Most people equate suffering with pain, but suffering is actually a function of two variables: sorry for the algebraic terminology, if you can please bear with me as I use some mathematical metaphors, all will make sense shortly!
Let’s look at a typical four-sided shape, a square or a rectangle – its area is a function of two variables, namely, its height and length. If you double the length, you double the area, although the height stays the same. If you reduce the height to zero, the area becomes zero no matter how long the original square or rectangle may have been.
It’s the same with suffering with this also being a function of two variables, i.e. pain and the degree to which the pain is being resisted. What do I mean by resistance? Resistance takes place both in the body and in the mind and can be either conscious or unconscious. Conscious resistance in the mind takes the form of judgement, fearful projections, wishful thinking etc with thoughts such as: “Oh, I hate this pain. I can’t stand it any longer!
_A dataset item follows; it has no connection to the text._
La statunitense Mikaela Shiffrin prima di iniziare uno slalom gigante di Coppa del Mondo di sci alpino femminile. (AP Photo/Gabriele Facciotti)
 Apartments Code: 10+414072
When is it ever going to stop?” Conscious resistance in the body takes the form of tension and holding – you have a pain in your leg, so you may be tightening your jaw, tensing or holding your breath, perhaps clenching your entire body in an attempt to not let the pain spread and circulate. Ironically, we find the unsuccessful attempts with this latter approach giving rise to referred pain being generated elsewhere in the body.
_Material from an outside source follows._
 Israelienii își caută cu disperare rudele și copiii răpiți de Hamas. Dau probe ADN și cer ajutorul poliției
As for the unconscious resistance, the clue is in the wording: by definition, you’re not going to know about it! We have no control over this as it takes place in the deep pre-conscious level of neural processing, moment by moment. However, by learning how to observe our pain carefully, it allows the unconscious mind to gradually unlearn its habit of resistance. This is why the practice of mindfulness often involves intently, but gently, pouring our awareness on the actual pain, rather than continuing to fight it.
Going back to the algebra, the formula, “suffering = pain x resistance” contains both good and bad news. The good news is that, in theory, and therefore with enough practice, no-one need suffer ever again, because resistance can be made very small – so small that it can eventually be reduced to zero. When the resistance factor reaches zero, suffering is zeroed out, no matter how big the pain factor may be!
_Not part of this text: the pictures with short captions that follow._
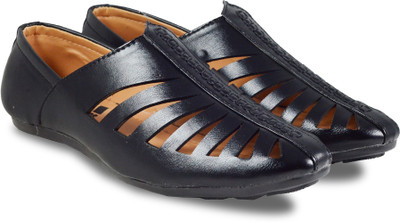 VON HUETTE Jutis For Men(Black , 7)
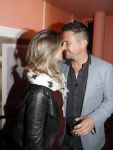 Amsterdam 14 november 2017
Presentatie Linda Man met Linda de Mol en Johnny de Mol in de bijlmerbajes. Johnny met zijn zwangere vriendin Anouk v Schie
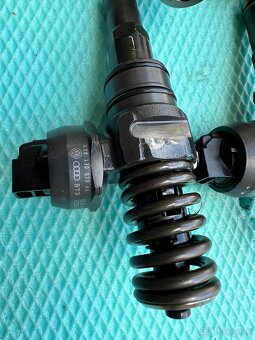 Trysky vstrekovac 038130073ag 1.9tdi 77kw bxe bkc bjb bru - 5
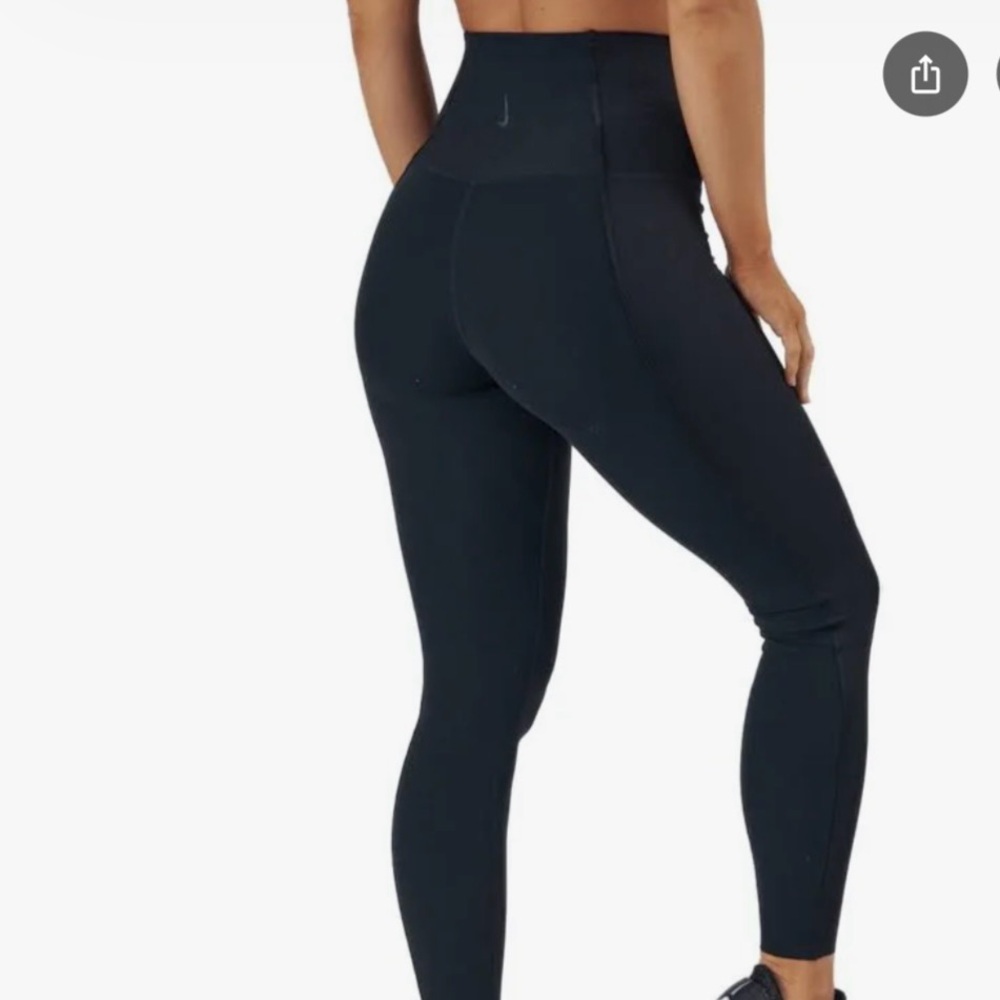 Nike NWT Yoga Luxe Dri-Fit High Rise 7/8 legging Sz XL black color DD5810-010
The bad news, however, is that in many cases, people’s resistance grows when the pain persists. Even though the pain level may stay the same, over time we humans perceive it as being so awful that it becomes unbearable because our resistance to it has become so great.
This mathematical model is such a superbly clever analogy, that it accurately explains why even the tiniest, subliminal pain can cause immense suffering if we strongly resist it.
The suffering that underlies many forms of compulsive behaviour, such as substance abuse, is often caused by this type of subtle, subliminal pain being subject to a huge level of subconscious resistance. When working with pain, I always say to my clients: subtle is significant, acceptance is not indifference and we can cope with the pain without suffering!